Le irregolarità nel settore

Nonostante una lieve riduzione negli ultimi anni, grazie alle campagne di sensibilizzazione delle istituzioni e delle parti sociali, il lavoro domestico rimane uno dei settori con il più alto tasso di irregolarità. Secondo i dati ISTAT aggiornati a settembre 2024, nel 2022 la media nazionale del lavoro irregolare si attestava al 9,7%, ma nel caso del lavoro domestico questa percentuale schizza al 47,1%. A fronte di 1,7 milioni di persone censite dall’INPS come lavoratori o datori regolari, l’applicazione del tasso di irregolarità fa salire il totale a oltre 3,3 milioni di soggetti coinvolti.

Chi sono i lavoratori domestici?

Nel 2023, i lavoratori domestici regolarmente assunti dalle famiglie italiane sono stati 834 mila.

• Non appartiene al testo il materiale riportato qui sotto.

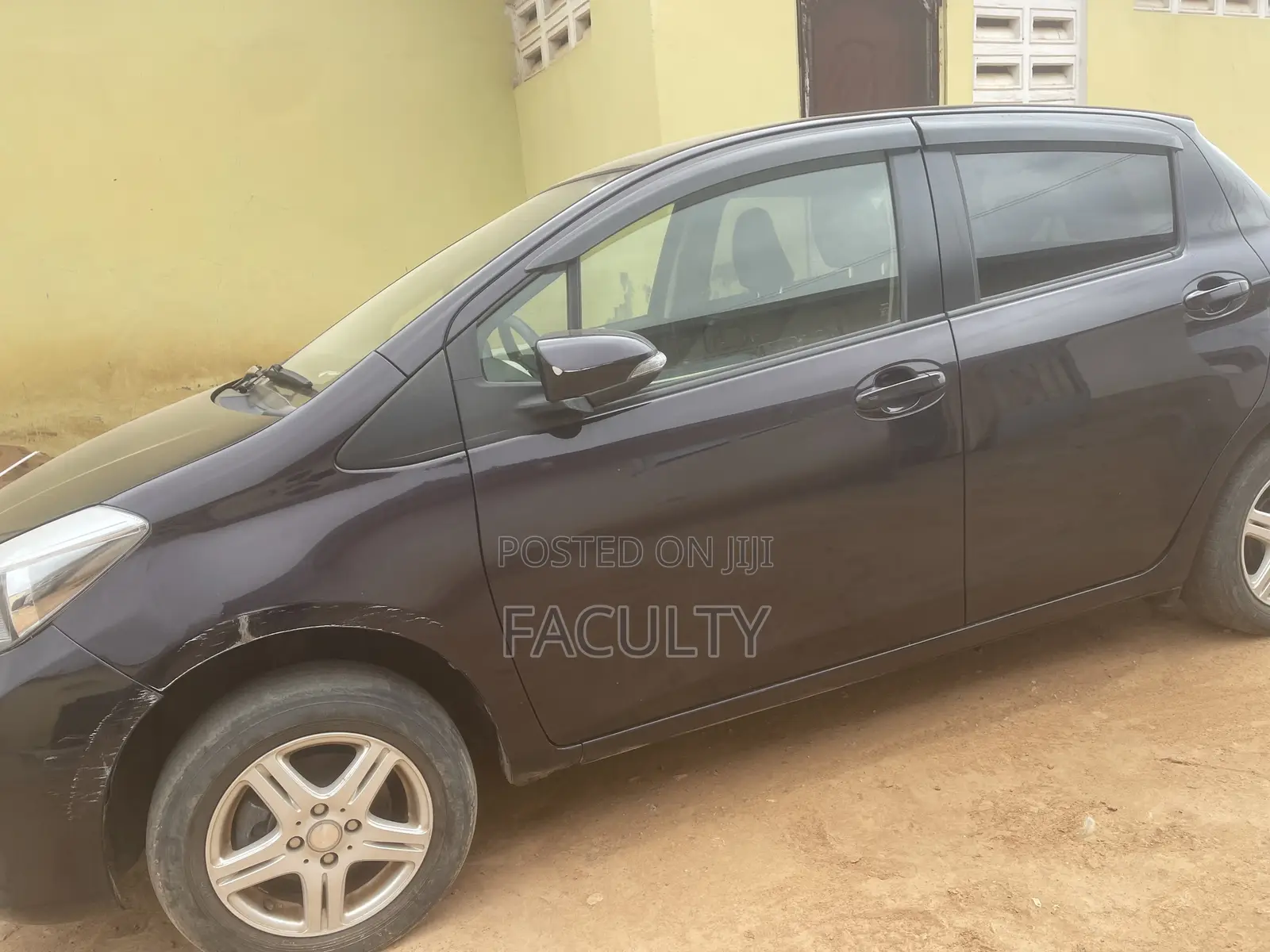 Toyota Vitz 1.3 AWD 5dr 2014 Burgundy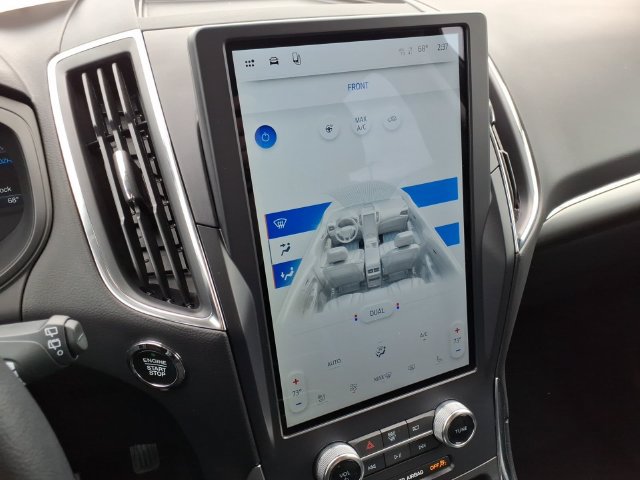 Certified 2024 Ford Edge Titanium AWD/4WD image 24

Il settore si conferma prevalentemente femminile (88,6%) e con una forte componente straniera (69%). La maggior parte proviene dall’Est Europa (35,7%), seguita dagli italiani (31,1%). In crescita i lavoratori provenienti da Georgia, Perù ed El Salvador, mentre calano quelli originari di Romania, Moldavia e Bangladesh.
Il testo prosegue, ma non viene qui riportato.